◆ DATA BLOCK ◆
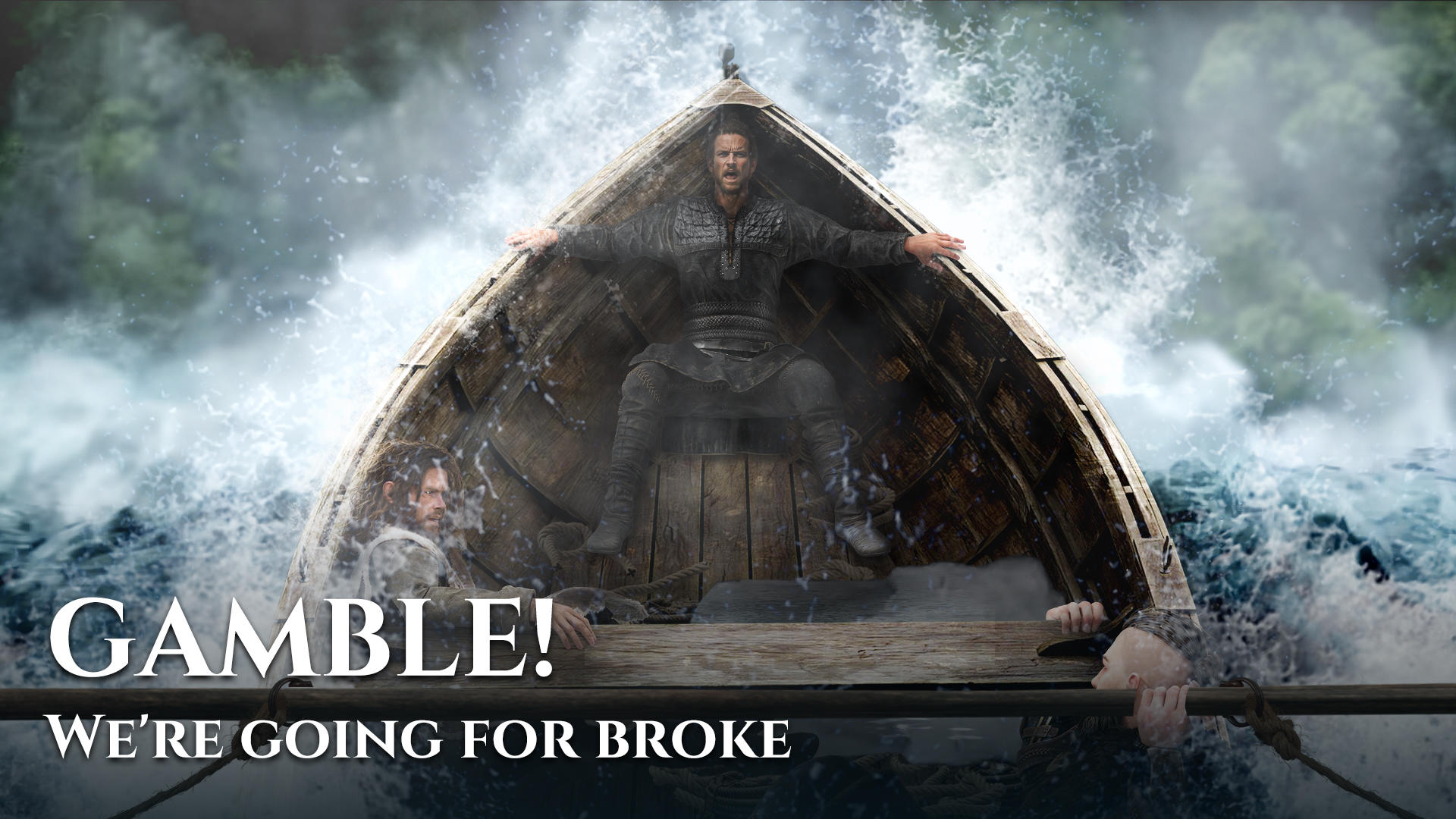 Vikingard ゲームのスクリーンショット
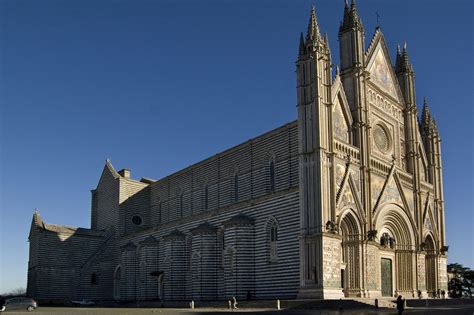 Il Duomo Di Orvieto Live Orvieto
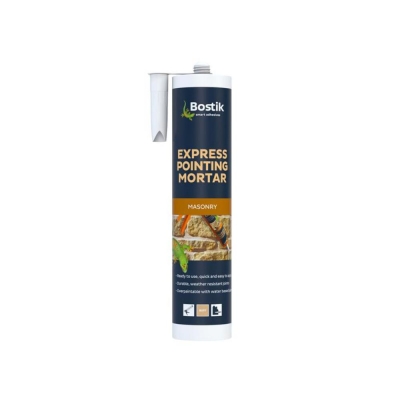 BOSTIK  EXPRESS POINTING MORTAR - BUFF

◆ REQUIREMENT ◆
Keep the pictures out, and write out the rest of the data above word for word.

◆ SOLVED EXERCISE ◆
 Vikingard ゲームのスクリーンショット
 Il Duomo Di Orvieto Live Orvieto
 BOSTIK  EXPRESS POINTING MORTAR - BUFF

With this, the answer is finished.